Interest on the notes will be paid to but excluding the relevant interest payment date. We will compute interest on
the notes on the basis of a 360-day year consisting of twelve 30-day months.
Our obligations to make payments of principal of or interest on the notes are subject to the subordination
provisions and the non-viability loss absorption provisions described herein under "--Subordination" and
"--Write-Down upon a Non-Viability Event," respectively.
We will pay the principal of and interest on the notes in U.S. dollars or in such other coin or currency of the
United States as at the time of payment is legal tender for the payment of public and private debts.
If any payment is due on the notes on a day that is not a business day, we will make payment on the date
that is the next succeeding business day. Payments postponed to the next succeeding business day in this
situation will be treated as if they were made on the original due date.
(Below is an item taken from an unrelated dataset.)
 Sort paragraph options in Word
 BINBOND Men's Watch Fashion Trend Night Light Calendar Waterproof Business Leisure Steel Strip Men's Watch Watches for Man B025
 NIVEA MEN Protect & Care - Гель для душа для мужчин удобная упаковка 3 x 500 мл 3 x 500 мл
Postponement of this kind will not result in
a default under the notes, and no interest will accrue on the postponed amount from the original due date to the
next succeeding business day.
All payments in respect of the notes will be subject in all cases to any applicable fiscal laws or other laws
and regulations, and, except as described in "Description of the Debt Securities--Taxation and Additional
Amounts" in the accompanying prospectus, no additional amounts will be payable as a result of the withholding
or deduction of any taxes or duties of whatever nature imposed or levied as a result of such laws or regulations.
Redemption for Taxation Reasons
The notes may be redeemed at our option, in whole, but not in part, at any time, subject to prior
confirmation of the FSA (if such confirmation is required under the Applicable Banking Regulations (as defined
below)), on giving not less than thirty (30) nor more than sixty (60) days' notice of redemption to the holders
(which notice shall be irrevocable and shall conform to all requirements with respect to such notice as set forth in
the Indenture) at a redemption price equal to 100% of the principal amount of the notes together with accrued
and unpaid interest to (but excluding) the date fixed for redemption and any additional amounts thereon, if (i) we
have been or will become obliged to pay additional amounts with respect to the notes as described in
"Description of the Debt Securities--Taxation and Additional Amounts" in the accompanying prospectus, or
(ii) there is more than an insubstantial risk that, for Japanese corporate tax purposes, any portion of the interest
payable on the notes is not or will not be deductible from our taxable income or is or will be required to be
deducted from the amount to be excluded from our taxable gross receipts, in each case of (i) and (ii) above, as a
result of any change in, or amendment to, the laws or regulations of Japan or any political subdivision or any
authority thereof or therein having power to tax, or any change in application or official interpretation of such
laws or regulations, which change or amendment becomes effective on or after the original issuance date of the
notes and such obligation cannot be avoided by the taking of reasonable measures available to us; provided, that
in the case of (i) above no such notice of redemption shall be given sooner than ninety (90) days prior to the
earliest date on which we would be obliged to pay such additional amounts were a payment then due in respect of
such notes. Prior to the publication of any notice of redemption pursuant to this paragraph, we shall deliver to the
trustee a certificate signed by an authorized officer stating that the conditions precedent to our right to so redeem
have been fulfilled and an opinion of independent legal or tax advisor of recognized standing to the effect that
(i) we have become or will be obliged to pay such additional amounts or (ii) there is more than an insubstantial
risk that, for Japanese corporate tax purposes, any portion of the interest payable on the notes is not or will not be
deductible from our taxable income or is or will be required to be deducted from the amount to be excluded from
our taxable gross receipts, as the case may be, as a result of such change or amendment.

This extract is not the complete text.